_About this exercise_:
Starting at the line that contains "Used 2019 Volkswagen", write out every line through the end of the records below exactly as it appears, and leave out all pictures.

(Caption-style text data)
☆ ☆ ☆ ☆ ☆
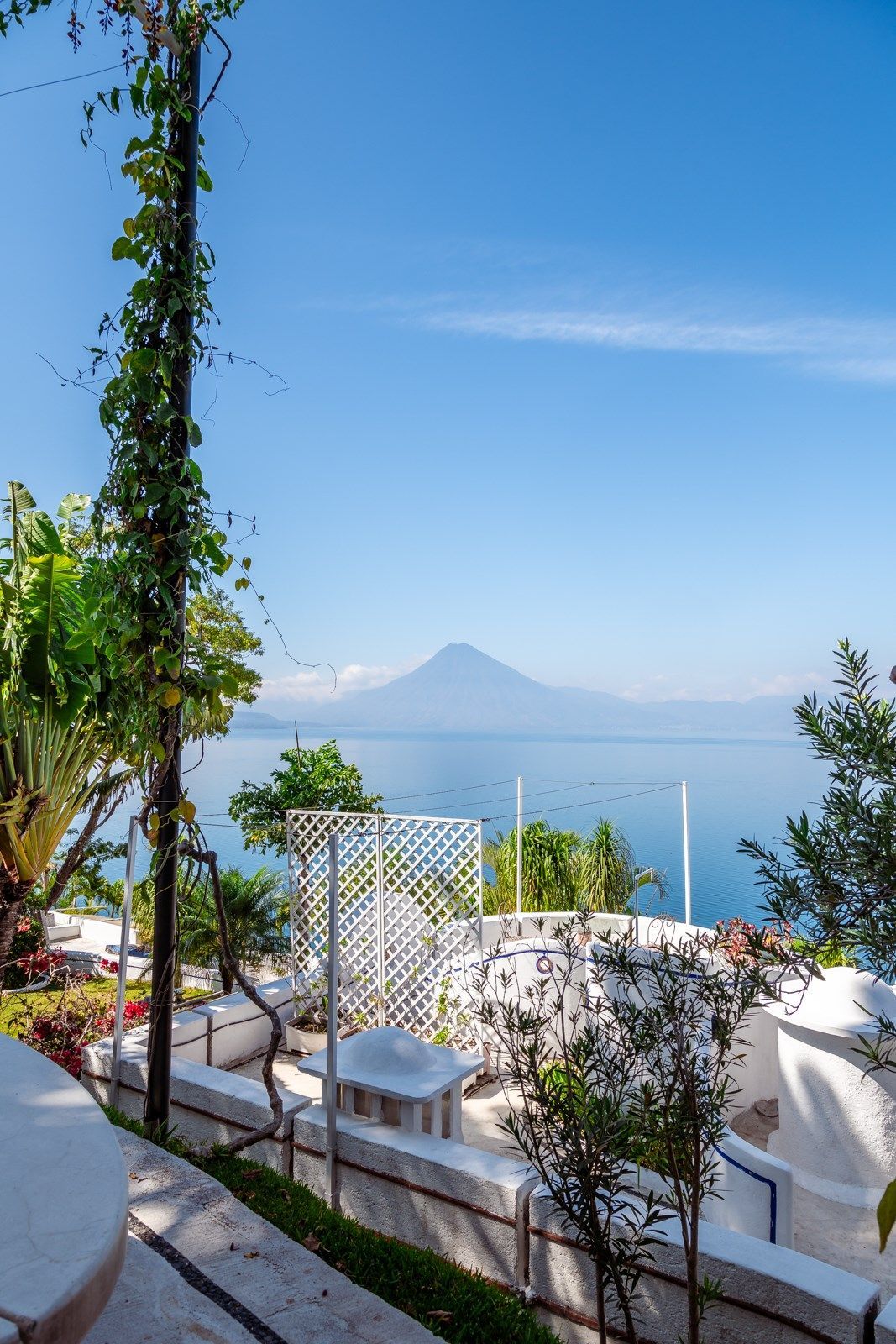 Una vista del océano desde un balcón con una montaña al fondo.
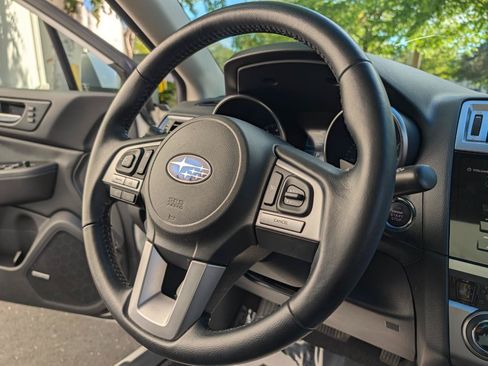 Used 2015 Subaru Legacy 2.5i Limited AWD/4WD image 14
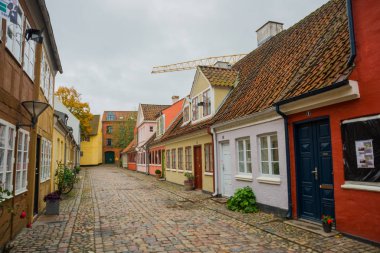 Odense, Danimarka: Odense 'deki kaldırımlı sokaklardaki eski evler, Hans Christian Andersen şehri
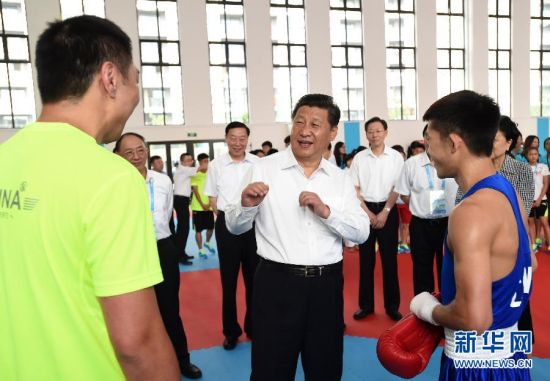 习近平看望南京青奥会中国体育代表团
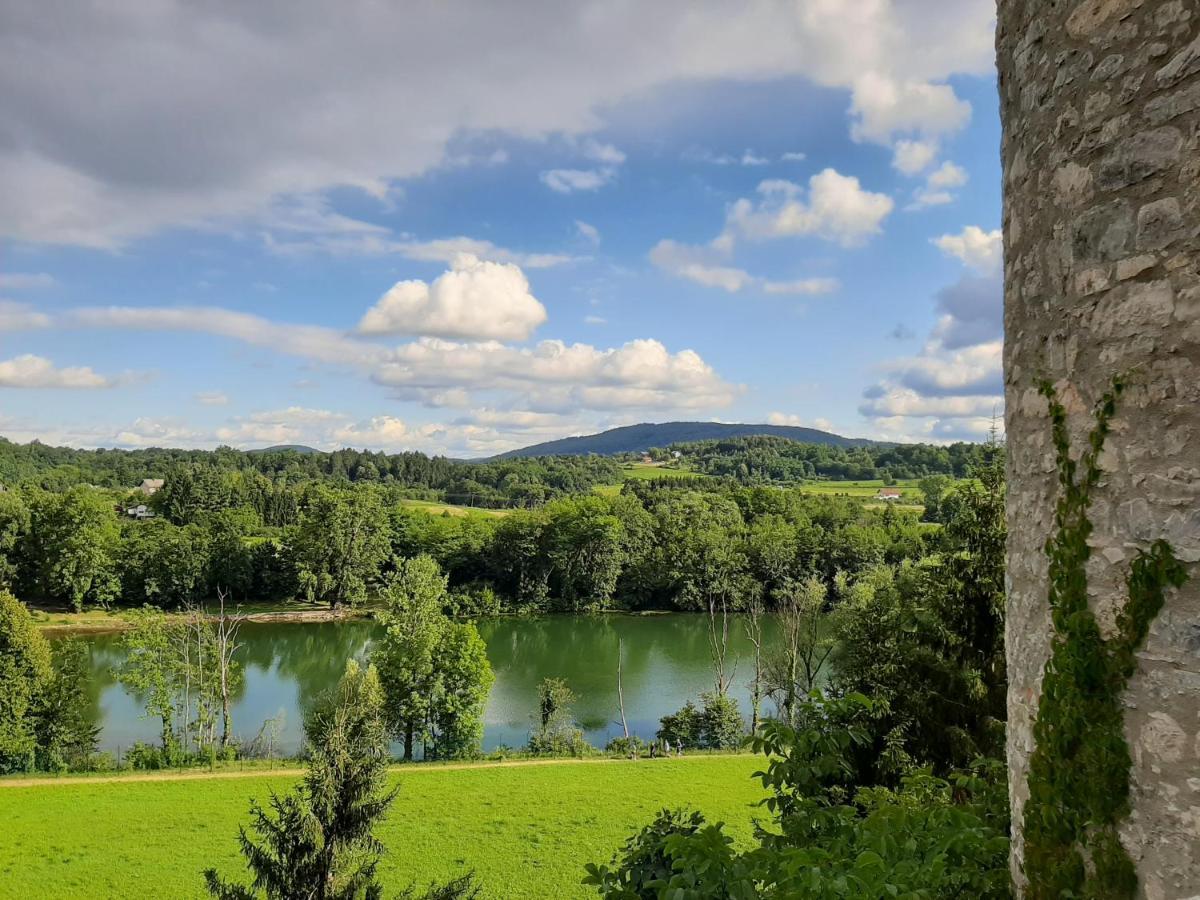 Vinica Castle Hotel Buitenkant foto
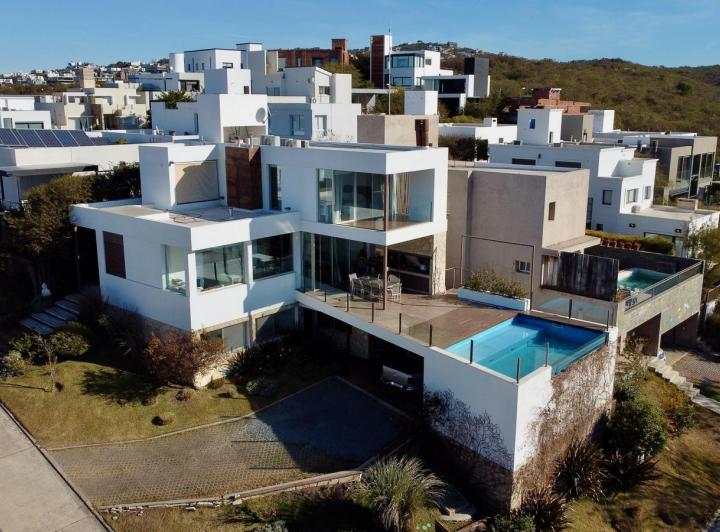 ALTO WARCALDE - 4 DORM ( 2 EN SUITE) - ESCRITURA REC. MENOR CASA EN VENTA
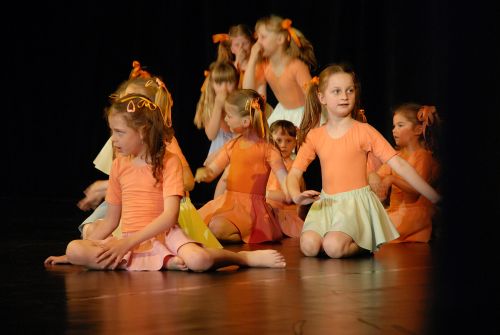 Taneční koncert ZUŠ v kulturním domě - plno bylo tradičně nejen v hledišti, ale také na jevišti, kde se vystřídalo na 250 účinkujících.<br/> 
FOTO: D. MACHÁČEK
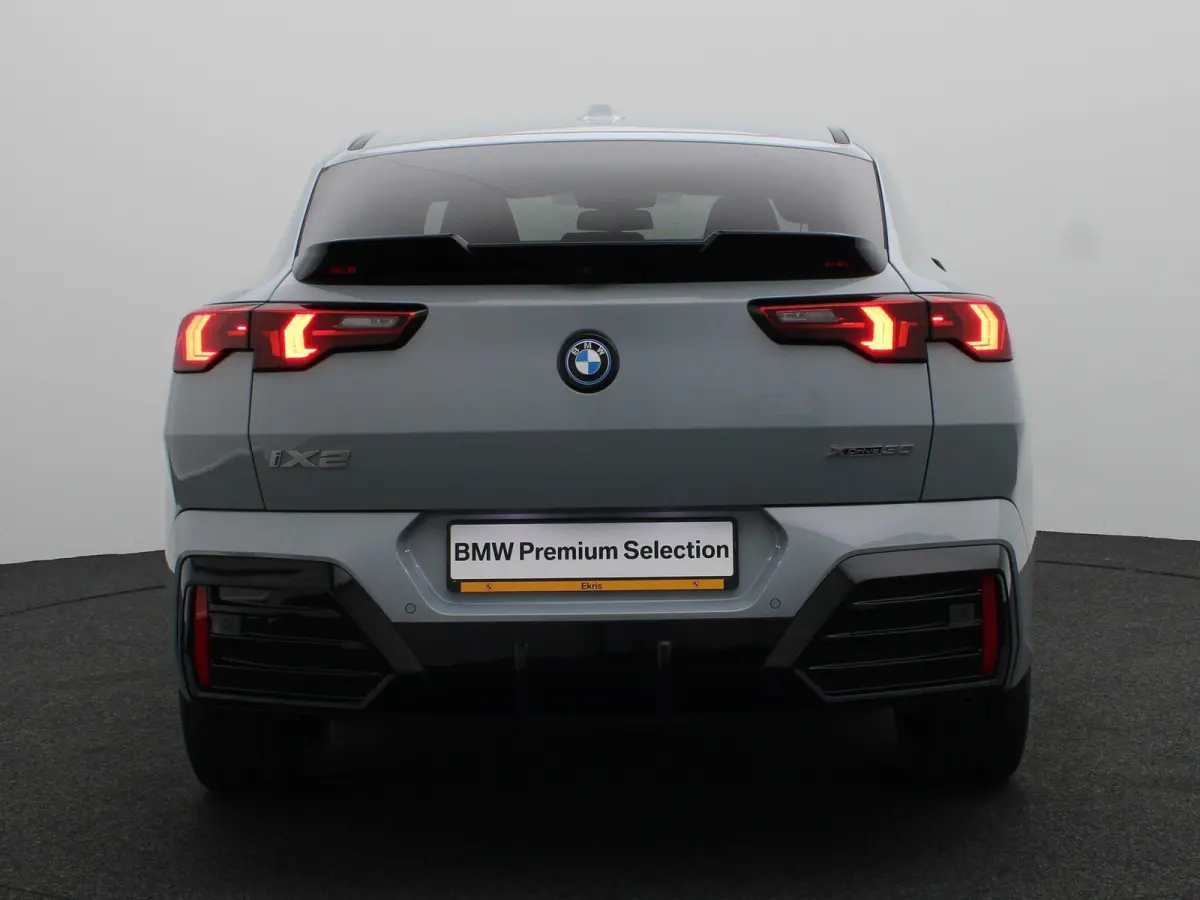 xDrive30 M Sportpakket Pro | Comfort Access | 	Glazen panoramadak | Driving Assistant Plus | Parking Assistant Plus | Elektrisch verwarmde voorstoelen | M Adaptief onderstel | 20''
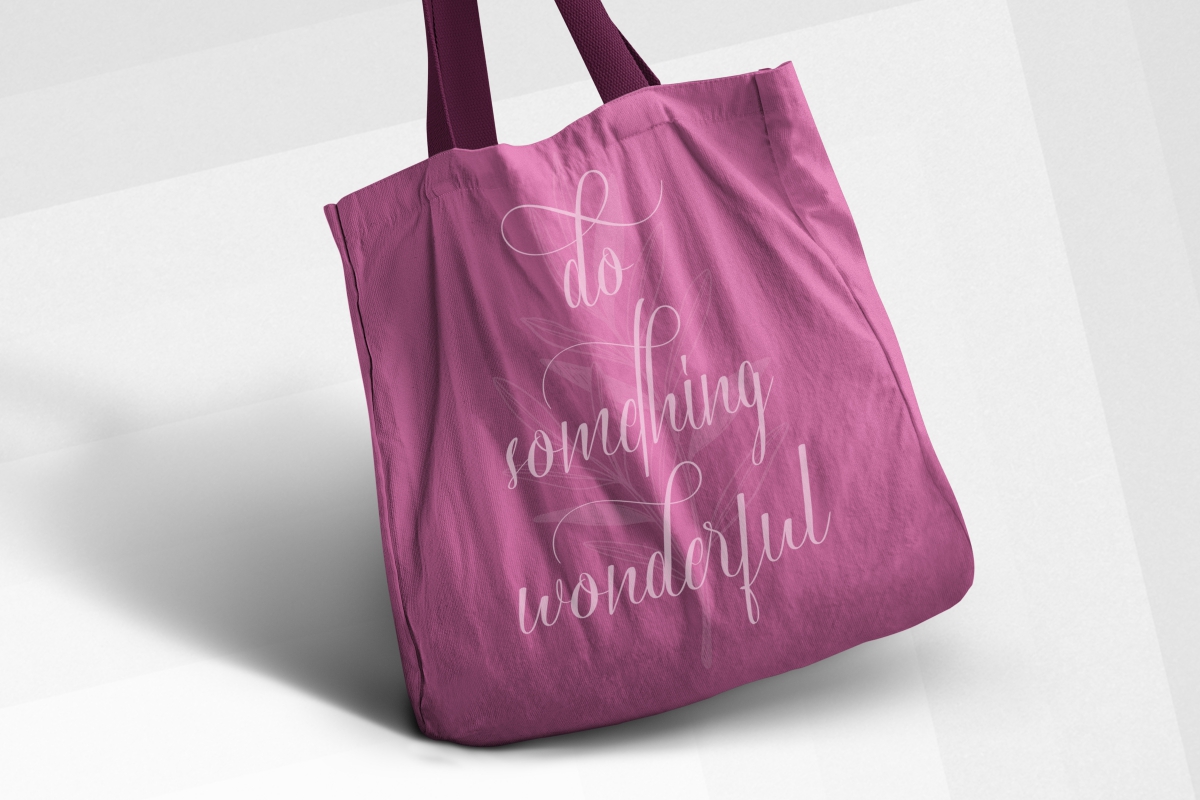 Sinta Magenta Font preview image 4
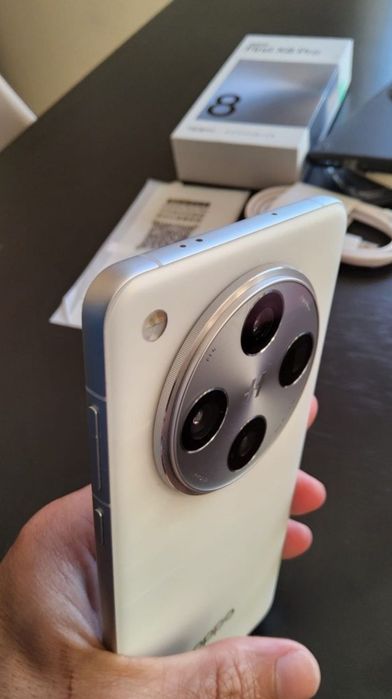 OPPO Find X8 Pro - C/garantia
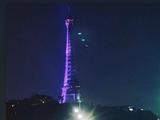 周杰伦晒埃菲尔铁塔照：跟巴黎缘分很多敬请期待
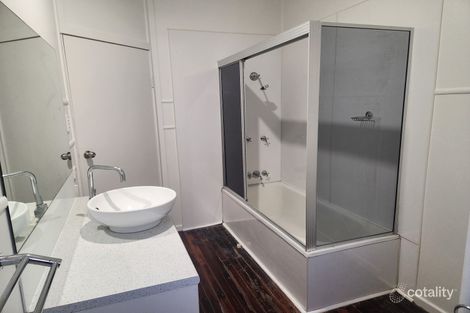 Property photo of 71 Irwin Terrace Oxley QLD 4075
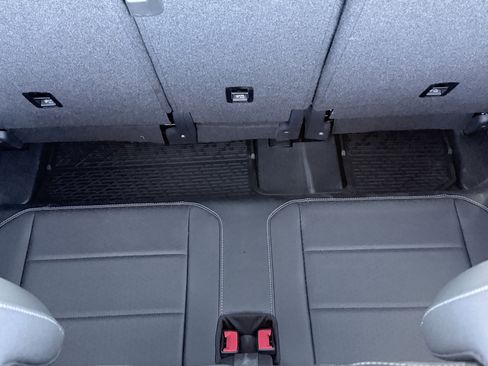 Used 2019 Volkswagen Tiguan SEL R-Line FWD image 20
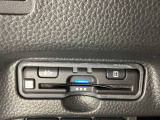 ハンドルの左下にETCがついています。高速道路の料金所の通過も楽々です。カードの取り出しもしやすい場所についています。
☆ ☆ ☆ ☆ ☆
_Final answer_:
 Used 2019 Volkswagen Tiguan SEL R-Line FWD image 20
 ハンドルの左下にETCがついています。高速道路の料金所の通過も楽々です。カードの取り出しもしやすい場所についています。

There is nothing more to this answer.